People are also drinking less, which is “not necessarily a bad thing,” Ertel says—he no longer drinks himself—but “it’s not great for business when you’re a bar.”
Another reason for Havana’s closure is that Ertel has changed along with the world. When he opened Havana, he was fresh off of being general manager at Viceroy, the bar that later became Rob Roy; before then he had been the opening GM at Chop Suey. He was deeply embedded in the culture of eating, drinking, and going out. “I loved to have a good time,” he recalls. When he visited his native New York he hung out at the city’s hippest bars of the early 2000s—Milk and Honey, Pegu Club, Death and Co.

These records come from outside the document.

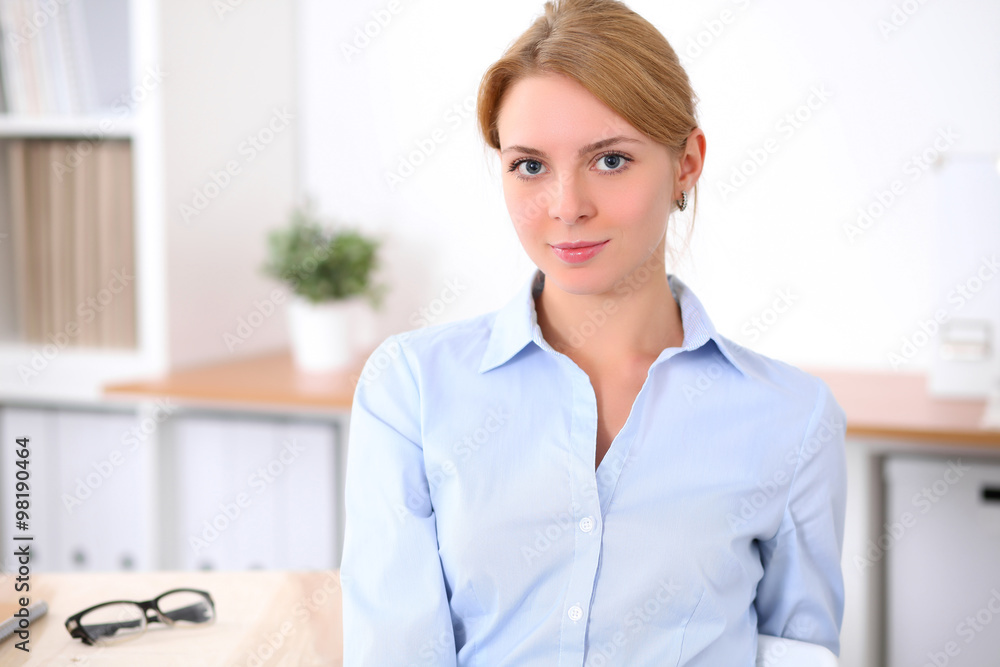Young blonde business woman with laptop in the office. Business concept. Young blonde business woman with laptop in the office. Business concept.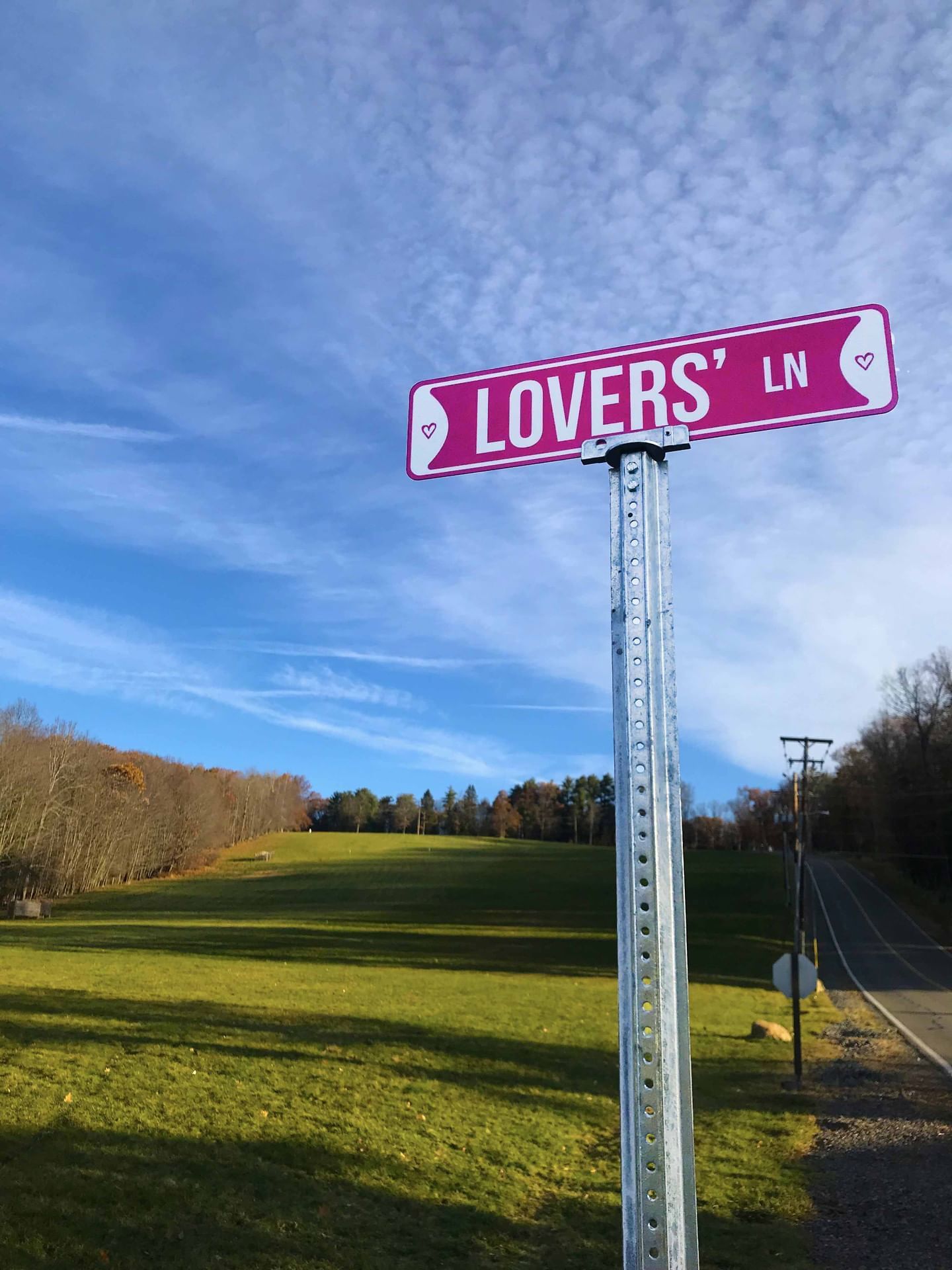 Lovers' Lane signboard with a backdrop of a green field and clear blue sky near Cove Pocono Resorts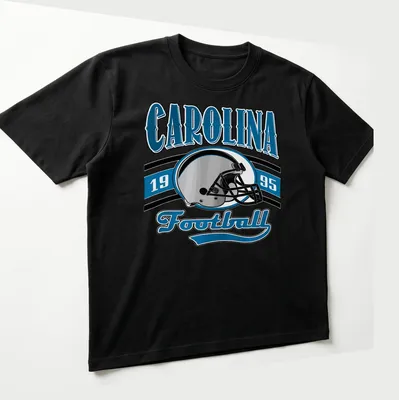Retro Carolina Football T-shirt featuring a helmet and bold lettering. — printed on a unisex t-shirt (angled view)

Two decades later, he’s got a different set of interests. He has a burgeoning interior design practice and is a co-owner of Shibuya Hi-Fi, a vinyl listening bar in Ballard. He also plays in a band and wants to spend more time with his teenage son. “For the last couple of years, my heart hasn’t entirely been in [Havana], and that, at the end of the day, is the deciding factor,” he says.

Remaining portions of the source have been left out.